Die BUNGA KELANA 4 wurde vor sechs Monaten beim Mahinur Ship Breaking gestrandet. Sie gehörte der malaysischen Reederei AET Tankers, einer hundertprozentigen Tochtergesellschaft von MISC, dem führenden malaysischen Energielogistikunternehmen, das an der Börse von Malaysia notiert ist. Im Jahr 2018 verkaufte AET Tankers vier Schiffe zum Abwracken an den Stränden Südasiens. Drei landeten in Bangladesch, einer wurde in Indien gestrandet.

Vor seiner letzten Reise änderte das Schiff seinen Namen in KELANA 4, und seine malaysische Flagge wurde gegen die der Komoren ausgetauscht. Dies sind klare Anzeichen dafür, dass das Schiff mit Hilfe eines Schrotthändlers, dem sogenannten "cash buyer" [Bar-Käufer, auf den Strand gebracht wurde. Die Verwendung von Flaggen auf der schwarzen und grauen Liste, wie die Komoren, Palau und St. Kitts und Nevis, sowie anonymer Briefkastenfirmen zur Registrierung der Schiffe erschwert es den Behörden sehr, Reedereien für illegale Geschäftspraktiken, die zum Verlust von Menschenleben, zu Verletzungen und irreparablen Schäden an der Umwelt führen, zu verfolgen und zur Verantwortung zu ziehen.

Die Explosion auf der BUNGA KELANA 4 folgt einem weiteren tragischen Ereignis, das sich kürzlich im Februar ereignet hat, als zwei Arbeiter bei einem Brand an Bord eines Tankers der griechischen Polembros Shipping getötet wurden. In den letzten zehn Jahren haben Hunderte von Arbeitern ihr Leben verloren und schwere Verletzungen durch schmutzige und gefährliche Schiffsbruchpraktiken in Bangladesch erlitten. Viele weitere leiden unter der Belastung durch giftige Dämpfe und Materialien, die in die Schiffsstrukturen eingebettet sind. Das Auseinanderbrechen von Schiffen an Gezeitenstränden verursacht auch irreparable Schäden für die Umwelt. Erst gestern [14-05-2019] wurde bekannt, dass eine andere Schiffsbruchgesellschaft, BBC Ship Breaking, von den lokalen Behörden die Erlaubnis erhalten hatte, einen geschützten Mangrovenwald zu vernichten, um eine neue Werft zu errichten. Nach der Einreichung einer Beschwerde durch die Plattform-Mitgliedsorganisation BELA hat der High Court einen sechsmonatigen Aufenthalt auf den Mietvertrag verhängt und die lokalen Behörden gebeten, zu erklären, warum sie die nationalen Waldschutzgesetze eklatant ignorieren. Im Jahr 2009 wurden 14.000 Mangrovenbäume illegal gefällt, um die Schiffbauaktivitäten in Chittagong auszubauen.

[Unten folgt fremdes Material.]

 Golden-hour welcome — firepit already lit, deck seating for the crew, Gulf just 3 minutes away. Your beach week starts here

"Es ist höchste Zeit für die bangladeschische Regierung, ihre Schiffbauindustrie zu regulieren und die systematischen Verstöße gegen nationale Arbeits- und Umweltschutzgesetze zu stoppen", sagt Ingvild Jenssen, Direktorin der NGO Shipbreaking Platform. "Diese jüngste tragische Explosion verstärkt die schreckliche Zahl von Menschenleben in der Schifffahrt und sollte als Weckruf für die Finanziers und Kunden der Schifffahrt dienen, um Recyclingpraktiken vor dem Strand und im Einklang mit den Standards der internationalen Abfallgesetze und Arbeitskonventionen zu fordern", fügt sie hinzu.

Quelle: shipbreakingplatform.org


Hintergrund:
Wir wollten auf dem Bürgerportal schon länger über diese umweltschädigende und menschenverachtende Abwrackung berichten, konnten die Pressemitteilungen aber nicht in angemessener Zeit übersetzen. Das haben wir jetzt geändert.

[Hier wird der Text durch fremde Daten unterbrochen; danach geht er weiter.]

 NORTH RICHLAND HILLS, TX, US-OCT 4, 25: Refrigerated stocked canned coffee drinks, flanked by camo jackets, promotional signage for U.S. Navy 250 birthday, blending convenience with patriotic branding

Sie können nun auch darüber Informationen "abgreifen" wie sich Reeder ihrer Schrottschiffe entledigen, Reeder, die eine Subventionierungsforderung nach der anderen auf Steuerkosten bei Politikern durchdrücken. Anstatt die Schiffe umweltgerecht zu entsorgen, werden sie z. B. an den indischen Strand von Alang geschleppt und dort abgewrackt - Umweltstandards und menschliche Arbeitsbedimgungen sucht man dort vergebens.